Available data:

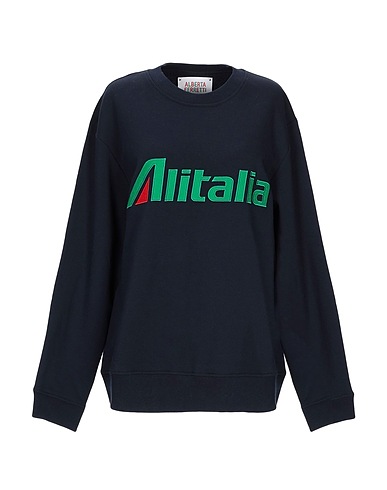 ALBERTA FERRETTI Sweatshirt Midnight blue 100% Cotton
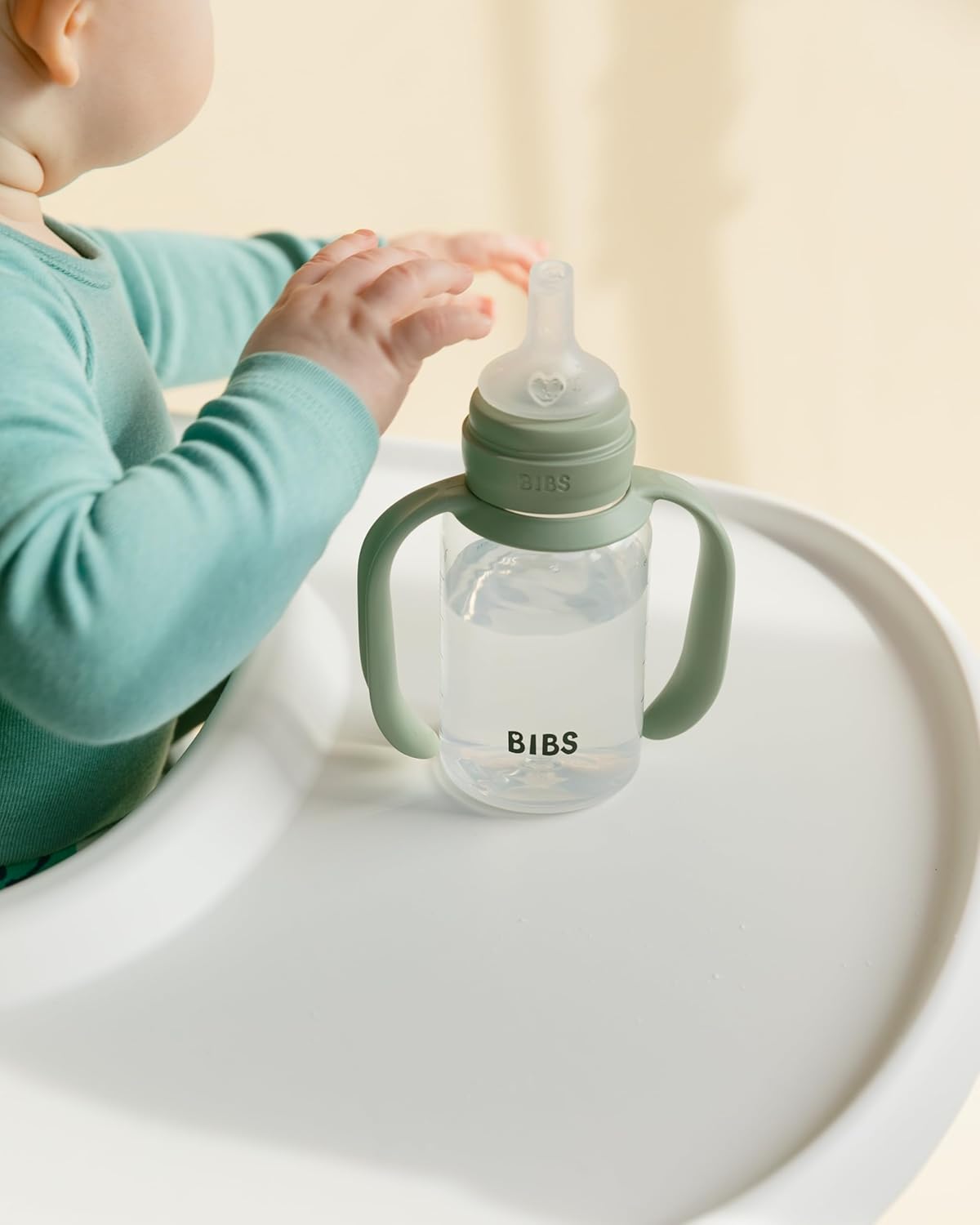 BIBS Baby Sippy Bottle - Blush (150ml)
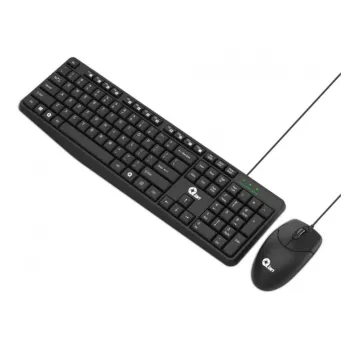 Kit de Teclado y Mouse QIAN QKX-20603 - Alámbrico - USB - Multimedia - Español - Negro - QKX-20603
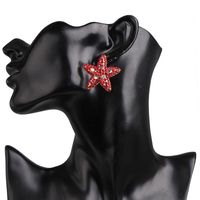 Red Diamond Starfish Stud Earrings Nhjj152446 main image 6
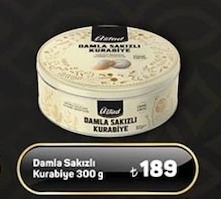 Üstad Damla Sakızlı Kurabiye 300G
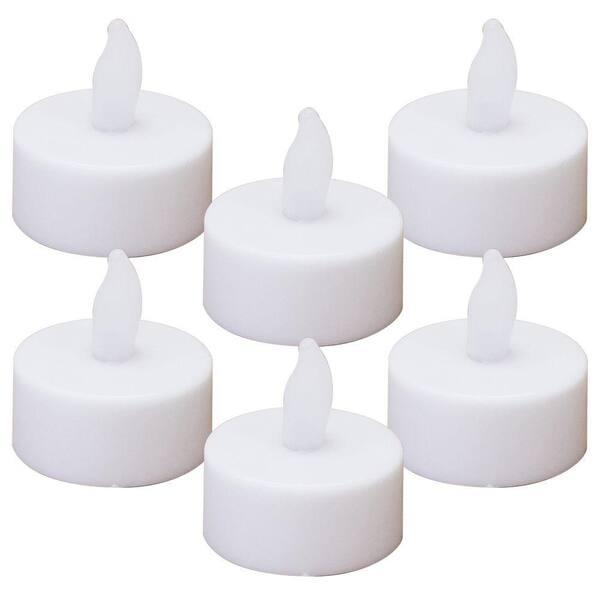 Unbranded White Flickering LED Tealight Set (6-Piece)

Activity:
Please reproduce the lines exactly from the one containing "Kit de Teclado" through the last line of the data above, and keep the pictures out.

Output for this exercise:
 Kit de Teclado y Mouse QIAN QKX-20603 - Alámbrico - USB - Multimedia - Español - Negro - QKX-20603
 Red Diamond Starfish Stud Earrings Nhjj152446 main image 6
 Üstad Damla Sakızlı Kurabiye 300G
 Unbranded White Flickering LED Tealight Set (6-Piece)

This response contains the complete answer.